= Activity =
Could you please repeat all of the entries exactly as written?

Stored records
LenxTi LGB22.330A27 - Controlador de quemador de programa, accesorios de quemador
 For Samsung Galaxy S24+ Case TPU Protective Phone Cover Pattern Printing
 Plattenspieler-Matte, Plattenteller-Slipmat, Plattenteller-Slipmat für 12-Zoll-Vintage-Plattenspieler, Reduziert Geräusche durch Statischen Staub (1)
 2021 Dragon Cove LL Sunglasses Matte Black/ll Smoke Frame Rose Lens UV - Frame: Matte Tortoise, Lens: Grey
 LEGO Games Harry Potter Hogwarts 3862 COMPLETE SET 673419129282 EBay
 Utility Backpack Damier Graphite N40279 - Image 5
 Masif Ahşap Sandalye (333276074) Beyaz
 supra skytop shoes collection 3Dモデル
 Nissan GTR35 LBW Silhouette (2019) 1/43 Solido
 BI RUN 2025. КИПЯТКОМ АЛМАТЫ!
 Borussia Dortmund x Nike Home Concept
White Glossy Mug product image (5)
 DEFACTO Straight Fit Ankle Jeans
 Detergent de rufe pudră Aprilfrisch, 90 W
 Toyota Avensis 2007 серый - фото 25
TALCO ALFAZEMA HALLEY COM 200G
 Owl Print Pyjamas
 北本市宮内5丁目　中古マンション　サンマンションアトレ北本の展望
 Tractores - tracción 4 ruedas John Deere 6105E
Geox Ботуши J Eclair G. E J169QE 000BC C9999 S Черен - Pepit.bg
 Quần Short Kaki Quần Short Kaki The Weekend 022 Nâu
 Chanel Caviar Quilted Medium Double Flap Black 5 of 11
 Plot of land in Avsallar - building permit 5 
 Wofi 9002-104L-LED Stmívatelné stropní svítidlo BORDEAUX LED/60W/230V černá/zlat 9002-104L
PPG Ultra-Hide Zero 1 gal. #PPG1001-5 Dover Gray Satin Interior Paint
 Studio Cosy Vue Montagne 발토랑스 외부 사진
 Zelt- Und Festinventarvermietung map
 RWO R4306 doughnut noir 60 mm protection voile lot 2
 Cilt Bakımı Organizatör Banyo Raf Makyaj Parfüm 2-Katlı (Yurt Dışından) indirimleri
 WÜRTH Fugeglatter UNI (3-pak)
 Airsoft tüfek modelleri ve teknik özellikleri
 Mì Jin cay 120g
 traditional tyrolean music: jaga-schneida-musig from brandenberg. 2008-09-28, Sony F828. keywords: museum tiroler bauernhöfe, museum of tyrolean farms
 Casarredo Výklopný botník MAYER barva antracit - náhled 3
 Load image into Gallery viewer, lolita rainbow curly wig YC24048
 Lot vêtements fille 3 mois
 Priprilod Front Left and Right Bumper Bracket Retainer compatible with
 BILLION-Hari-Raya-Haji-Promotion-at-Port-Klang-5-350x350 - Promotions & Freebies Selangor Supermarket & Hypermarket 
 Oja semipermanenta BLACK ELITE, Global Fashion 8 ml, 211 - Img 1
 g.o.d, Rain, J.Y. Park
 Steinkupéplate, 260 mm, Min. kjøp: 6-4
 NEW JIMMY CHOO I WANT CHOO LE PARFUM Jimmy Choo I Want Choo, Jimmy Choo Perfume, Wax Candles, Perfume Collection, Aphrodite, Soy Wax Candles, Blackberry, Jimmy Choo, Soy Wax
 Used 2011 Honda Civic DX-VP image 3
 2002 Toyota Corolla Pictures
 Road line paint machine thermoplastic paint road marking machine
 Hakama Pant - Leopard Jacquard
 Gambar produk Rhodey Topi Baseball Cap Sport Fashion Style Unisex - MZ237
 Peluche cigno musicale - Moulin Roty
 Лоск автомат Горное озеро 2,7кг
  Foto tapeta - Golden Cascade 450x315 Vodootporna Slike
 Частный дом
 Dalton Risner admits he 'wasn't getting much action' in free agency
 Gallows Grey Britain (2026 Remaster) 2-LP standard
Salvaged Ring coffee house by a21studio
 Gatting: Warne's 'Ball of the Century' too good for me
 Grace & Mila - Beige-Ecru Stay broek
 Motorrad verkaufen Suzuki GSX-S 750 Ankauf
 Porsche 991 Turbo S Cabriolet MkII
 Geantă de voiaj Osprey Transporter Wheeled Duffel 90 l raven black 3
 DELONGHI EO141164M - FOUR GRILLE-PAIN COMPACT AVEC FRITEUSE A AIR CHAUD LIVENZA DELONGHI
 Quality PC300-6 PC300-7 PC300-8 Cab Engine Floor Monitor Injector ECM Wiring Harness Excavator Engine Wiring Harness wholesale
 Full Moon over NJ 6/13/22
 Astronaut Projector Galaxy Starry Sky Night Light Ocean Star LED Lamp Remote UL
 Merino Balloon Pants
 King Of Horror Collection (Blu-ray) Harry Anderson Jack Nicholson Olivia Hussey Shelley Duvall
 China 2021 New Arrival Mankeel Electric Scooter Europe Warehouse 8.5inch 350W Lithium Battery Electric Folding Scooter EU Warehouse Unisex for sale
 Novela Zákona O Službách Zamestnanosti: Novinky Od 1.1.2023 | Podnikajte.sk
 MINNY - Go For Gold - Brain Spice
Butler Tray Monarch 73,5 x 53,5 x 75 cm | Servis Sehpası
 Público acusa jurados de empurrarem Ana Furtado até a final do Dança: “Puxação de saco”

= Response to the exercise =
LenxTi LGB22.330A27 - Controlador de quemador de programa, accesorios de quemador
 For Samsung Galaxy S24+ Case TPU Protective Phone Cover Pattern Printing
 Plattenspieler-Matte, Plattenteller-Slipmat, Plattenteller-Slipmat für 12-Zoll-Vintage-Plattenspieler, Reduziert Geräusche durch Statischen Staub (1)
 2021 Dragon Cove LL Sunglasses Matte Black/ll Smoke Frame Rose Lens UV - Frame: Matte Tortoise, Lens: Grey
 LEGO Games Harry Potter Hogwarts 3862 COMPLETE SET 673419129282 EBay
 Utility Backpack Damier Graphite N40279 - Image 5
 Masif Ahşap Sandalye (333276074) Beyaz
 supra skytop shoes collection 3Dモデル
 Nissan GTR35 LBW Silhouette (2019) 1/43 Solido
 BI RUN 2025. КИПЯТКОМ АЛМАТЫ!
 Borussia Dortmund x Nike Home Concept
White Glossy Mug product image (5)
 DEFACTO Straight Fit Ankle Jeans
 Detergent de rufe pudră Aprilfrisch, 90 W
 Toyota Avensis 2007 серый - фото 25
TALCO ALFAZEMA HALLEY COM 200G
 Owl Print Pyjamas
 北本市宮内5丁目　中古マンション　サンマンションアトレ北本の展望
 Tractores - tracción 4 ruedas John Deere 6105E
Geox Ботуши J Eclair G. E J169QE 000BC C9999 S Черен - Pepit.bg
 Quần Short Kaki Quần Short Kaki The Weekend 022 Nâu
 Chanel Caviar Quilted Medium Double Flap Black 5 of 11
 Plot of land in Avsallar - building permit 5 
 Wofi 9002-104L-LED Stmívatelné stropní svítidlo BORDEAUX LED/60W/230V černá/zlat 9002-104L
PPG Ultra-Hide Zero 1 gal. #PPG1001-5 Dover Gray Satin Interior Paint
 Studio Cosy Vue Montagne 발토랑스 외부 사진
 Zelt- Und Festinventarvermietung map
 RWO R4306 doughnut noir 60 mm protection voile lot 2
 Cilt Bakımı Organizatör Banyo Raf Makyaj Parfüm 2-Katlı (Yurt Dışından) indirimleri
 WÜRTH Fugeglatter UNI (3-pak)
 Airsoft tüfek modelleri ve teknik özellikleri
 Mì Jin cay 120g
 traditional tyrolean music: jaga-schneida-musig from brandenberg. 2008-09-28, Sony F828. keywords: museum tiroler bauernhöfe, museum of tyrolean farms
 Casarredo Výklopný botník MAYER barva antracit - náhled 3
 Load image into Gallery viewer, lolita rainbow curly wig YC24048
 Lot vêtements fille 3 mois
 Priprilod Front Left and Right Bumper Bracket Retainer compatible with
 BILLION-Hari-Raya-Haji-Promotion-at-Port-Klang-5-350x350 - Promotions & Freebies Selangor Supermarket & Hypermarket 
 Oja semipermanenta BLACK ELITE, Global Fashion 8 ml, 211 - Img 1
 g.o.d, Rain, J.Y. Park
 Steinkupéplate, 260 mm, Min. kjøp: 6-4
 NEW JIMMY CHOO I WANT CHOO LE PARFUM Jimmy Choo I Want Choo, Jimmy Choo Perfume, Wax Candles, Perfume Collection, Aphrodite, Soy Wax Candles, Blackberry, Jimmy Choo, Soy Wax
 Used 2011 Honda Civic DX-VP image 3
 2002 Toyota Corolla Pictures
 Road line paint machine thermoplastic paint road marking machine
 Hakama Pant - Leopard Jacquard
 Gambar produk Rhodey Topi Baseball Cap Sport Fashion Style Unisex - MZ237
 Peluche cigno musicale - Moulin Roty
 Лоск автомат Горное озеро 2,7кг
  Foto tapeta - Golden Cascade 450x315 Vodootporna Slike
 Частный дом
 Dalton Risner admits he 'wasn't getting much action' in free agency
 Gallows Grey Britain (2026 Remaster) 2-LP standard
Salvaged Ring coffee house by a21studio
 Gatting: Warne's 'Ball of the Century' too good for me
 Grace & Mila - Beige-Ecru Stay broek
 Motorrad verkaufen Suzuki GSX-S 750 Ankauf
 Porsche 991 Turbo S Cabriolet MkII
 Geantă de voiaj Osprey Transporter Wheeled Duffel 90 l raven black 3
 DELONGHI EO141164M - FOUR GRILLE-PAIN COMPACT AVEC FRITEUSE A AIR CHAUD LIVENZA DELONGHI
 Quality PC300-6 PC300-7 PC300-8 Cab Engine Floor Monitor Injector ECM Wiring Harness Excavator Engine Wiring Harness wholesale
 Full Moon over NJ 6/13/22
 Astronaut Projector Galaxy Starry Sky Night Light Ocean Star LED Lamp Remote UL
 Merino Balloon Pants
 King Of Horror Collection (Blu-ray) Harry Anderson Jack Nicholson Olivia Hussey Shelley Duvall
 China 2021 New Arrival Mankeel Electric Scooter Europe Warehouse 8.5inch 350W Lithium Battery Electric Folding Scooter EU Warehouse Unisex for sale
 Novela Zákona O Službách Zamestnanosti: Novinky Od 1.1.2023 | Podnikajte.sk
 MINNY - Go For Gold - Brain Spice
Butler Tray Monarch 73,5 x 53,5 x 75 cm | Servis Sehpası
 Público acusa jurados de empurrarem Ana Furtado até a final do Dança: “Puxação de saco”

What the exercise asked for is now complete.